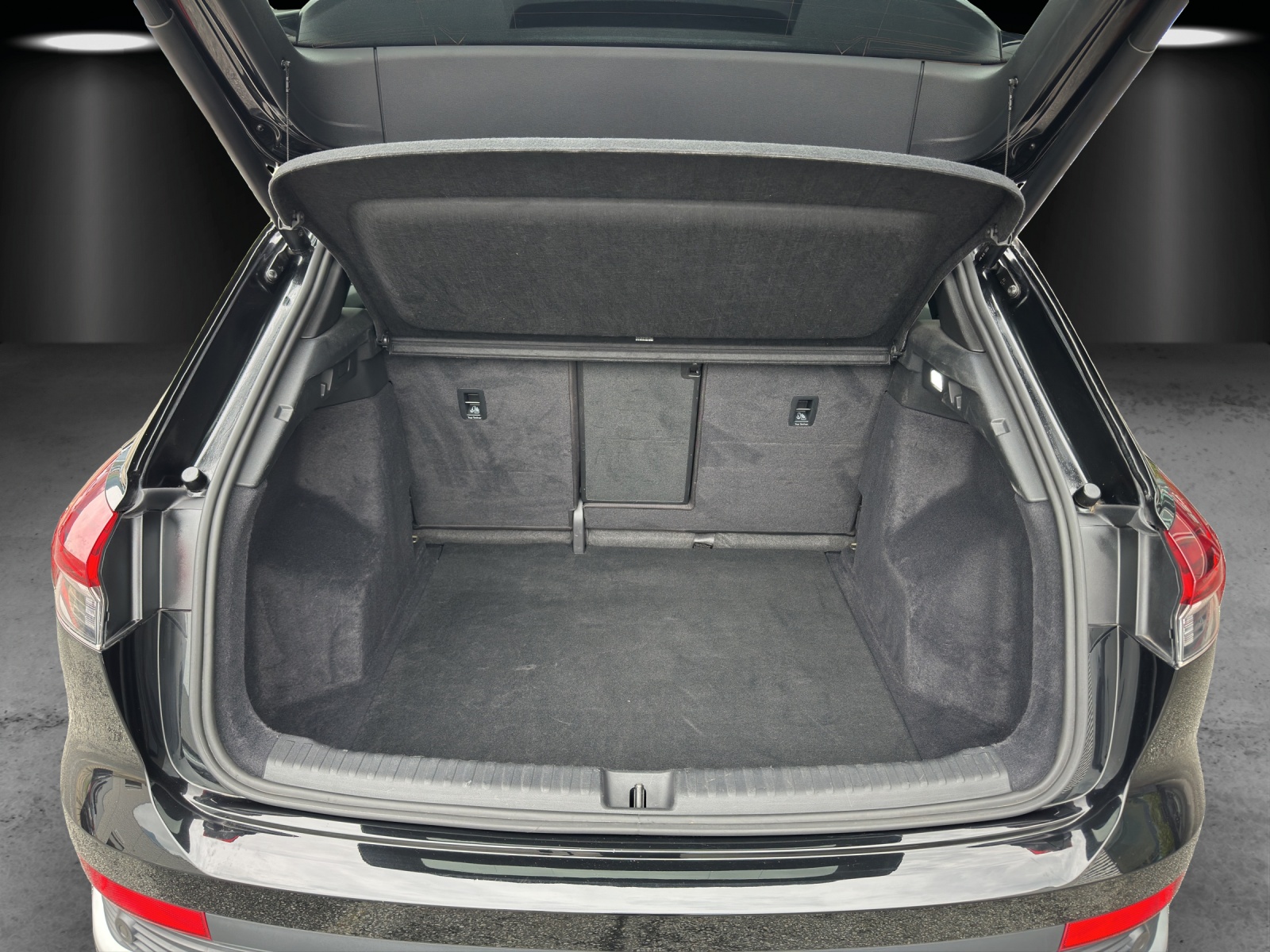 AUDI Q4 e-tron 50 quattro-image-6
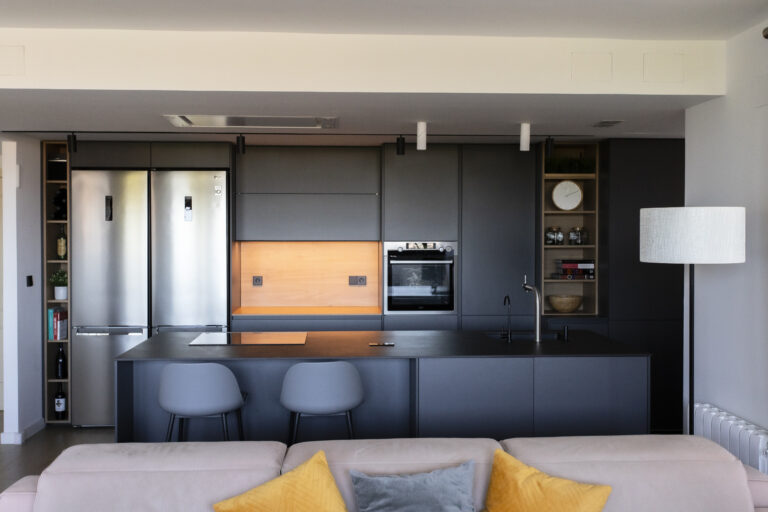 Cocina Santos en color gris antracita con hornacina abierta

---*---

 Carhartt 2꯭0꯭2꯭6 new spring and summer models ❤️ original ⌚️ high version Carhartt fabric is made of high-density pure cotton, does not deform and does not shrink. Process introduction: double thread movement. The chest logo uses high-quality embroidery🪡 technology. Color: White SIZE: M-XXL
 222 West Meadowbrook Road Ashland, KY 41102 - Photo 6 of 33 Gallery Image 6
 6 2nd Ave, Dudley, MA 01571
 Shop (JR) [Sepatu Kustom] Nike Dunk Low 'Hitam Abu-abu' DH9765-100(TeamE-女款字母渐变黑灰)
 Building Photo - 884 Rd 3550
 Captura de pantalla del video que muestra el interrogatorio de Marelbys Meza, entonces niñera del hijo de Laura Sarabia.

---*---

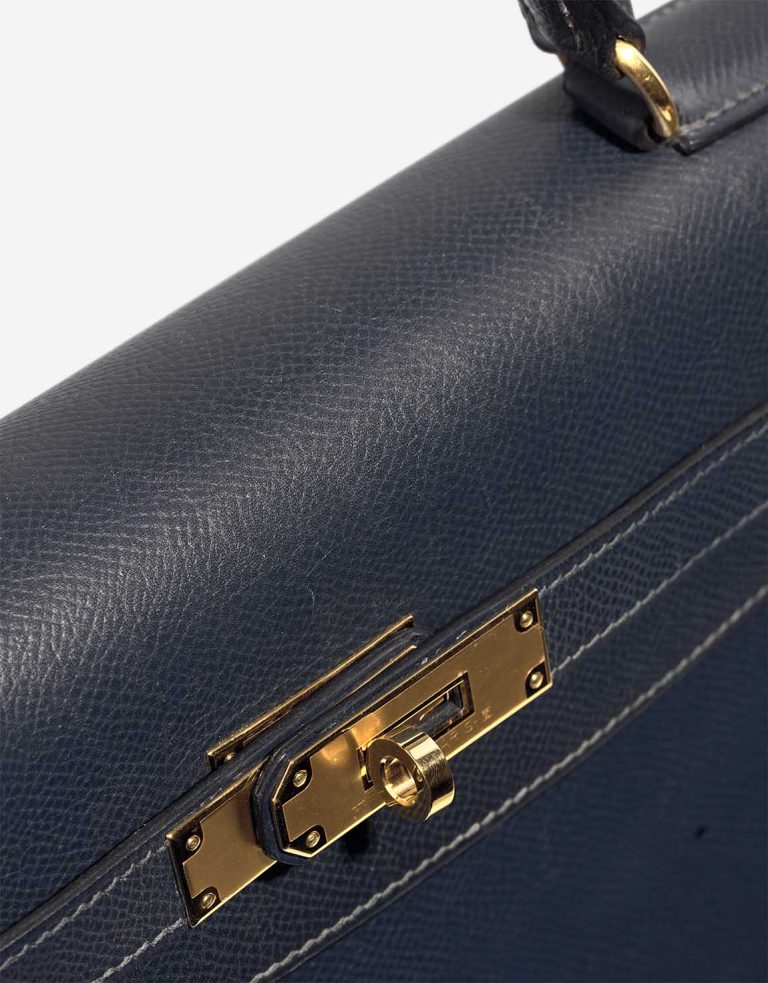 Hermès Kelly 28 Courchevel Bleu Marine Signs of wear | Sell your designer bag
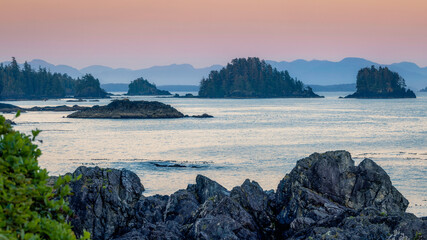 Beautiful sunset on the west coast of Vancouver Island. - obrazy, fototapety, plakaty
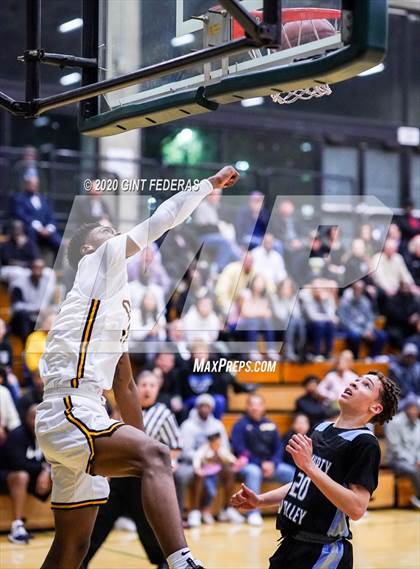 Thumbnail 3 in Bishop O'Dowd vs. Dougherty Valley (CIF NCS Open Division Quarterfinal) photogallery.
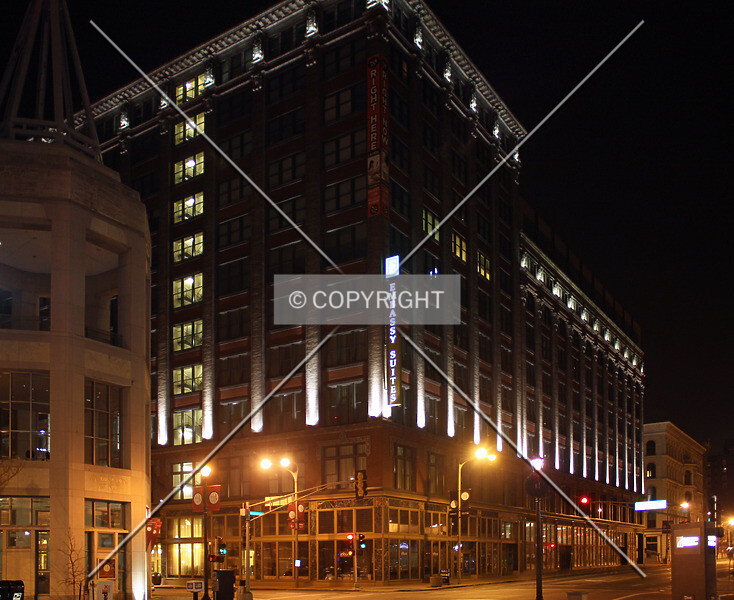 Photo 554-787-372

---*---

What the task asks: Repeat exactly the lines above from the one with "222 West Meadowbrook" up to and including the one with "Captura de pantalla". No other line belongs in the reply.

Task output:
 222 West Meadowbrook Road Ashland, KY 41102 - Photo 6 of 33 Gallery Image 6
 6 2nd Ave, Dudley, MA 01571
 Shop (JR) [Sepatu Kustom] Nike Dunk Low 'Hitam Abu-abu' DH9765-100(TeamE-女款字母渐变黑灰)
 Building Photo - 884 Rd 3550
 Captura de pantalla del video que muestra el interrogatorio de Marelbys Meza, entonces niñera del hijo de Laura Sarabia.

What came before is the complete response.